*What this task involves:*
All lines from the one containing "Thumbnail: 2010 Ford Edge - 26" down to the one containing "Hilton Bursa Convention Center & Spa - 10", both ends included, are to be given again exactly; omit the rest of the listing below.

*Given entries:*
"""
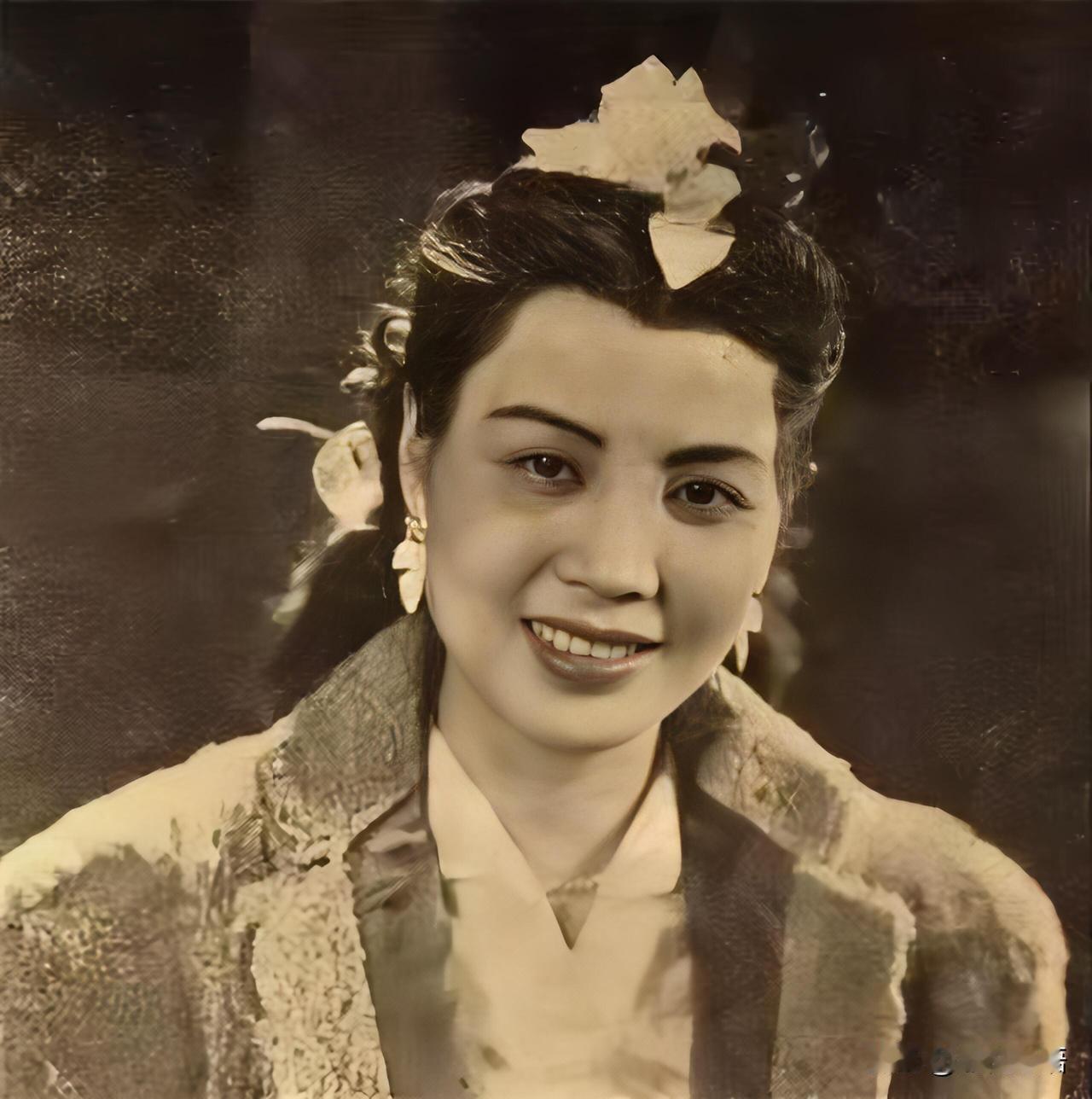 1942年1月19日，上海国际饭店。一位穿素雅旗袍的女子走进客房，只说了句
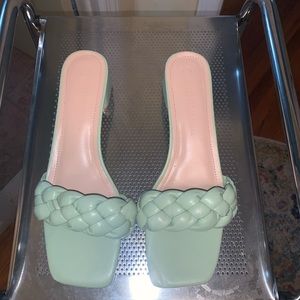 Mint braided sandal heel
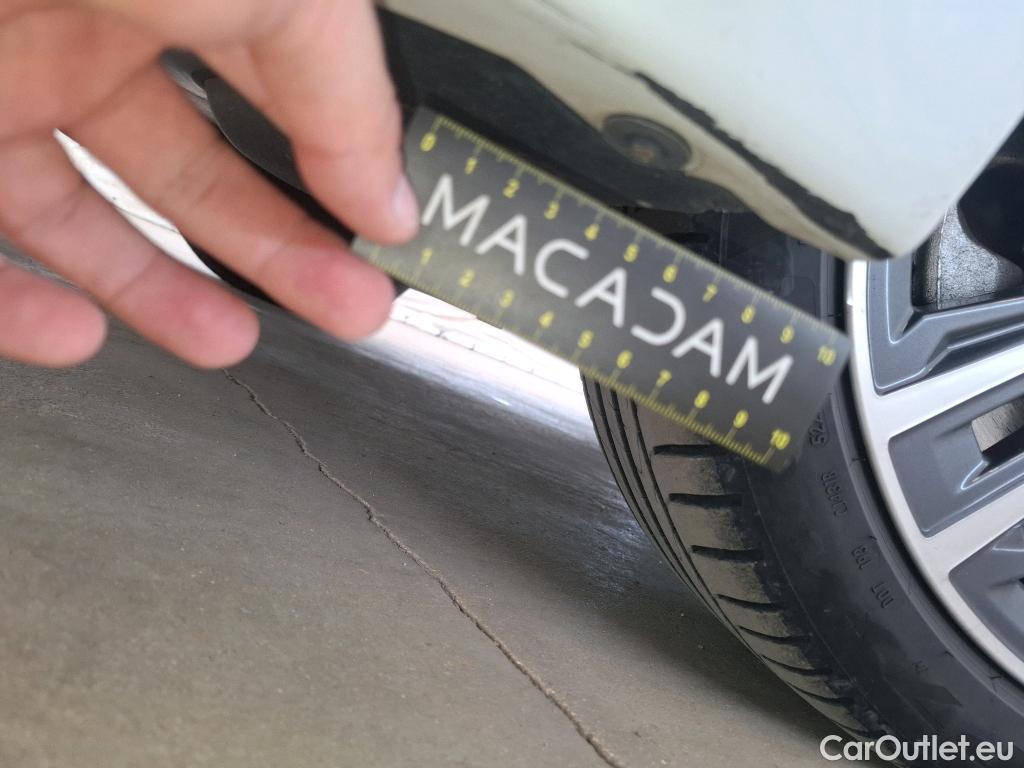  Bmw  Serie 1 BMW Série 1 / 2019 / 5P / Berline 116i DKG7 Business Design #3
"""
"""
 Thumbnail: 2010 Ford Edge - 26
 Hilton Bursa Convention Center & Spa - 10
"""
*Answer to the exercise:*
 Thumbnail: 2010 Ford Edge - 26
 Hilton Bursa Convention Center & Spa - 10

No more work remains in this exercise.